The day before my birthday, I stayed in bed all morning reading this. Full disclosure-I’ve been dreading reading this book, as I assumed it would be a referendum on all the things I may have done wrong in my career. The decision to leave DC was not easy one. Throughout months of deciding, I heard Sandburg’s words from her Barnard speech ringing in my head, “Don’t leave until you leave!” By leaving DC, was I taking my foot off the accelerator, careening down the off-ramp to a less fruitful professional future?
Who knows? I hope not, though these questions are bound to flare up every now and then. I’m just glad I caved and finally read the book. It’s about so much more than the speech.
Throughout her writing, she demonstrates that she’s always learning and admitting mistakes. I’m finding that is one of the most refreshing elements of leadership: working with people who are honest about vulnerabilities, reflect on challenges, and ask questions. It opens the door for discussion and collaboration. One of the most damaging tenets of the legal education is the Socratic method. Three years and an ungodly amount of student loans to develop a dogged persistence that your answer, your view is correct and absolute-no matter how shaky the foundation. That’s fine for a court room, but shouldn’t we be trained to collaborate and discuss? In my few years as an attorney, I’ve found we generated some of our more creative ideas and thoughtful projects when we admitted we do not have the answers and we can safely question our own theories.

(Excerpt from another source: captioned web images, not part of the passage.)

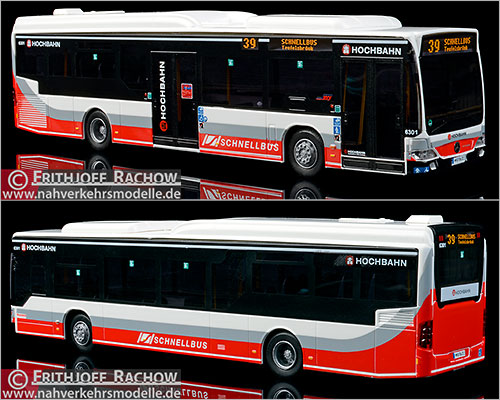 AWM Busmodell Artikel Sim 10170 Mercedes-Benz O 530 Citaro L E Hochbahn Hamburg Schnellbus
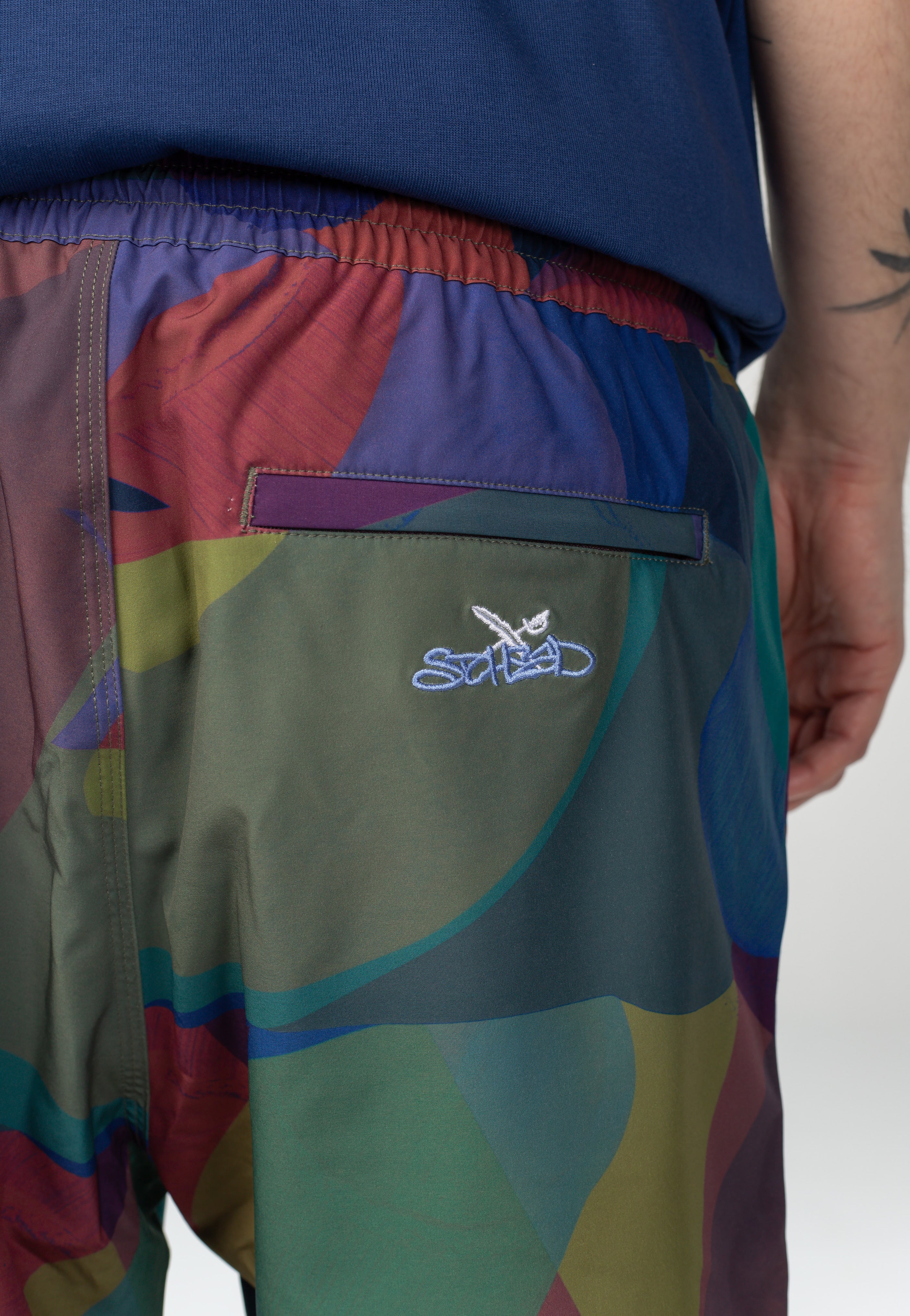 Stohead Crazy Fresh Dark Teal - Board Shorts - Image 4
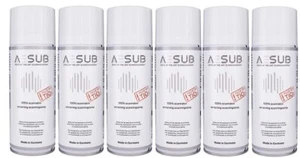 6x AESUB White 400ml - Scanning Spray - Photo 1/2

Sandburg never suggests she had everything figured out from Day 1, and as a young professional, I found that honesty remarkably encouraging.

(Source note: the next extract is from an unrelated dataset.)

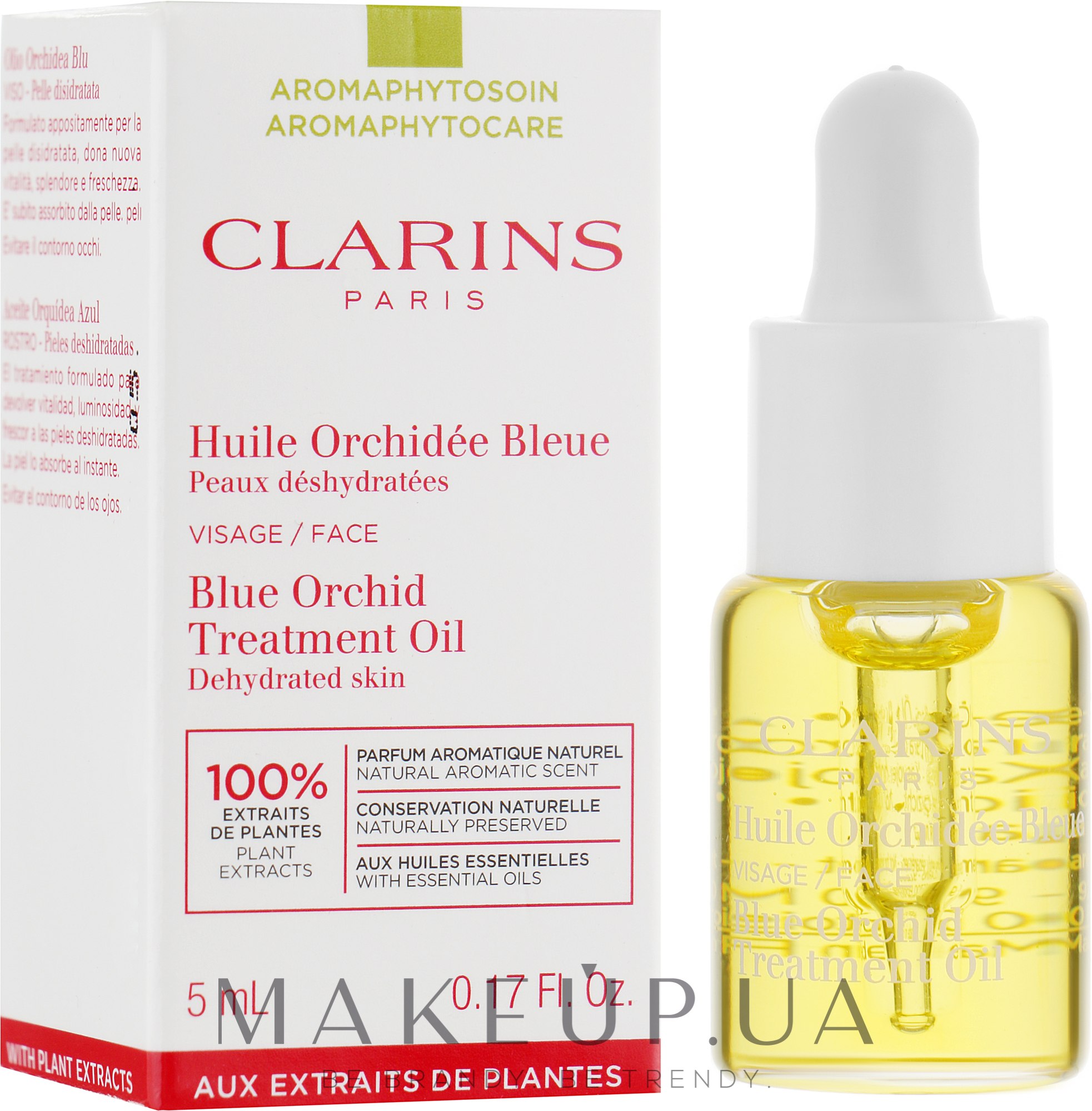 Масло для лица для обезвоженной кожи - Clarins Blue Orchid Face Treatment Oil (мини) — фото 5ml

Anyway, Sandburg encourages women and men to be honest about their lives in the work force. She tells the story questioning a young woman who turns down a job offer at Google. She asks the woman if she’s worried about taking on the demands of the new job during a time she may want to have children. Sandburg admits she’s asking questions that would make her employment lawyers panic, but she holds firm that an open discussion about life demands is critical for an effective work force.
Though I find the premise quite surprising, I couldn’t agree more. It got me thinking the caregiving. Sandburg’s target audience is women like me: young professionals, navigating their early careers. But her teaching applies just as equally to a more seasoned workforce. Baby boomers are getting crushed from both ends of caregiving. Clear support exists for the anxiety of rearing children, but most boomers feel alone, barely treading water as they care for their parents.
There’s an important movement to require employers to provide paid leave for family members caring for older adults or family members. Sandburg’s “bring your whole self to work,” got me thinking-that’s only part of the puzzle. In addition to paid leave, we need environments where people can bring their whole selves to work. Thinking of both the employer and employee, how much stress would we avoid if employees were encouraged, early on, to be upfront about their real or potential caregiving needs. Would they feel so alone if it was part of normal work conversation? If they felt safe to say: “Here’s the deal, my parent/child/spouse has this issue, it may be fine, or it may be something that requires significant time off in the future. I want you to know now so we can all be prepared.” Who is protected by the expectation that the employer to be a neutral party in the employee’s life challenges? No one. We all know about the billions of dollar in lost productivity from caregiver stress.
Ha-I guess it’s impossible for me to read anything without thinking of implications for seniors/aging, but Sandburg got me thinking. It’s an excellent book.